Umbrella organization of numerous Islamist terrorist groups
Says that “killing Americans and their allies, civilians and military,” is the “individual duty for every Muslim who can do it”
Named Osama bin Laden as its leader
Established on May 28, 1998 in accordance with a fatwa issued by Osama bin Laden, the International Islamic Front for Jihad Against Jews and Crusaders (IIFJ) united, under a single operational umbrella, a number of Egyptian, Pakistani, and Bangladeshi terrorist organizations. These included Egyptian Islamic Jihad, Jamaat-ul-Jihad, Gama'a al-Islamiya (a.k.a. Islamic Group), Jamiat-ul-Ulema-e-Pakistan, Lashkar-i-Taiba, Sipah-e-Sahaba, Harkat-ul-Mujahideen, and the Jihad Movement (in Bangladesh).
The Front's inaugural statement, released in February 1998 and signed by such notables as Osama bin Laden and Ayman al-Zawahiri, amounted to a declaration of war against the United States. It echoed bin Laden's demand for the expulsion of all Americans from Saudi Arabia and the entire Gulf region, first put forth in al Qaeda's August 1996 “Declaration of War Against the Americans Occupying the Land of the Two Holy Places.” The IIFJ statement accused the United States of seeking to annihilate all Muslims; of turning the Arabian Peninsula into a "spearhead through which to fight the neighboring Islamic people"; and of forming, with Israel (which he dubbed the "Jews' petty state"), a "crusader-Zionist alliance" that was responsible for the deaths of more than one million Iraqis.
To answer these alleged crimes, the IIFJ statement concluded that nothing less than total war against America and its allies, the Christian nations of the West and Israel, would suffice. Toward this end, it insisted that "killing Americans and their allies—civilians and military—is an individual duty for every Muslim who can do it in any country in which it is possible to do it." It exhorted "every Muslim who believes in Allah and wishes to be rewarded to comply with Allah's order to kill the Americans and plunder their money wherever and whenever they find it."
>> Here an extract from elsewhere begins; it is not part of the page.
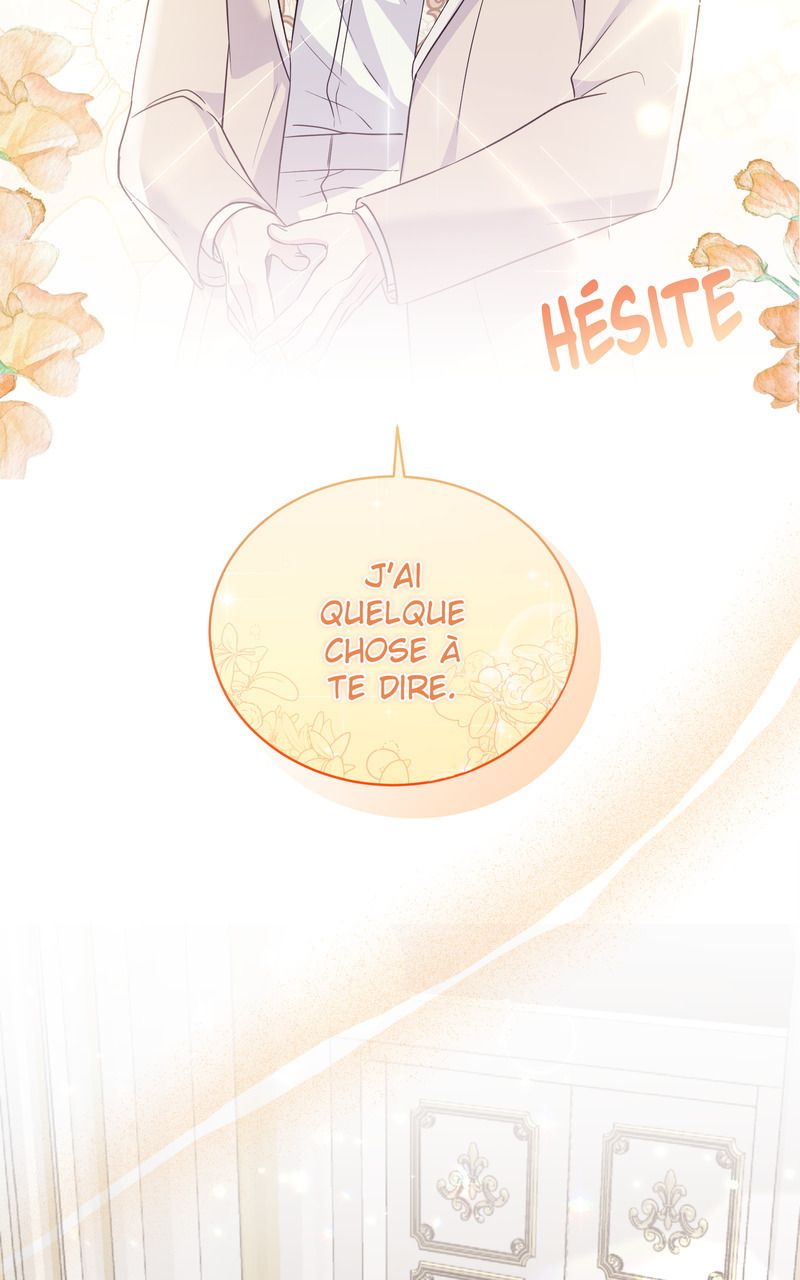 Read Angelic Lady vf Manga Online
Though the Front never evolved into more than a loose coalition of terrorist groups, it attempted to realize al Qaeda's longstanding aim of broadening cooperation among the leaders of such organizations, and of marshalling Islamist fighters under the banner of international jihad. Toward this end, the Front established a directorial body, a Shura consultative council, in order to facilitate correspondence between terrorist figureheads.